For example, when one or more precursor gases are introduced into the process chamber to form a film on a substrate, there can be buildup of material in a dead zone. The dead zone can be located towards the periphery of the gas distribution assembly on one or more surfaces where apertures are not present. The material formed in the dead zone, referred to herein as scale and/or buildup, can loosen, e.g., flake, peel, or otherwise disassociate from the chamber surfaces and can become suspended in a plasma in the chamber. During a subsequent plasma purge operation in the process chamber, the material is no longer suspended in the plasma and thus falls on to the substrate, causing substrate defects that can negatively impact device fabrication. The buildup in the dead zone can also negatively impact the ability to process multiple substrates sequentially or to perform multiple film depositions in the process chamber without cleaning some or all of the process chamber surfaces.

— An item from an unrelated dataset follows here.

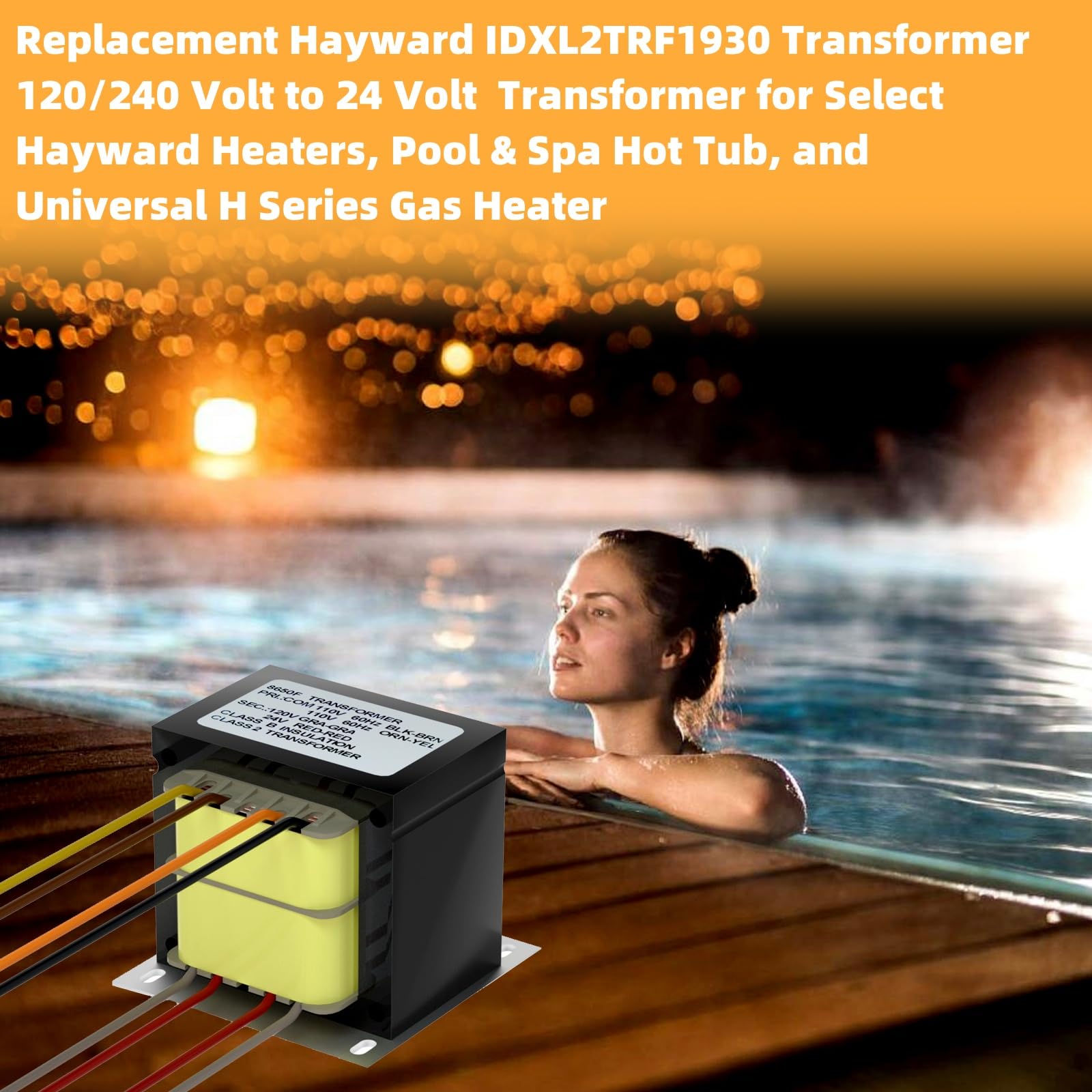 Hayward IDXL2TRF1930 Transformador de 120/240 voltios a 24 voltios en transformador de CA compatible con calentadores Hayward seleccionados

Using the systems and methods discussed herein, the substrate defects caused by dead zone build up in process chambers are reduced or eliminated. The process chambers discussed herein can include a chemical vapor deposition (CVD) process chamber or other chambers configured to introduce one or more gases to a process volume via one or more gas distribution assemblies. The gas distribution assembly is configured to reduce the likelihood and/or severity of buildup in dead zones by minimizing an area of the gas exposed to the gas and by heating the gas distribution assembly to a temperature of up to about 350° C.

FIG. 1 is a schematic illustration of a substrate processing system that includes a system 100, according to embodiments of the present disclosure. The system 100 includes a process chamber 102 having a substrate support 104 disposed within a process volume 146 of the process chamber 102. In some example, the substrate support 104 can be configured as a substrate support pedestal. A process volume 146 can be defined, for example, between the substrate support 104 and the gas distribution assembly 116. In some embodiments, the substrate support 104 may include a mechanism that retains or supports a substrate 106 on top surface of the substrate support 104. Exemplary retention mechanisms may include an electrostatic chuck, a vacuum chuck, a substrate retaining clamp, or the like. The substrate support 104 may include mechanisms for controlling the substrate temperature (such as heating and/or cooling devices) and/or for controlling the species flux and/or ion energy proximate the substrate surface. In one example, the substrate support 104 can have one or more substrate support heating elements 108 disposed therein or otherwise thermally coupled to the substrate support 104. In alternate examples, the process chamber 102 can have one or more radiant heat lamps positioned to illuminate the substrate 106 and/or the substrate support 104. One or more power source 126 can be configured to heat the substrate support 104 to a predetermined temperature, for example, from about 250° C. to about 350° C. In an embodiment, the power source 126 is configured to provide at least 5 kW of energy.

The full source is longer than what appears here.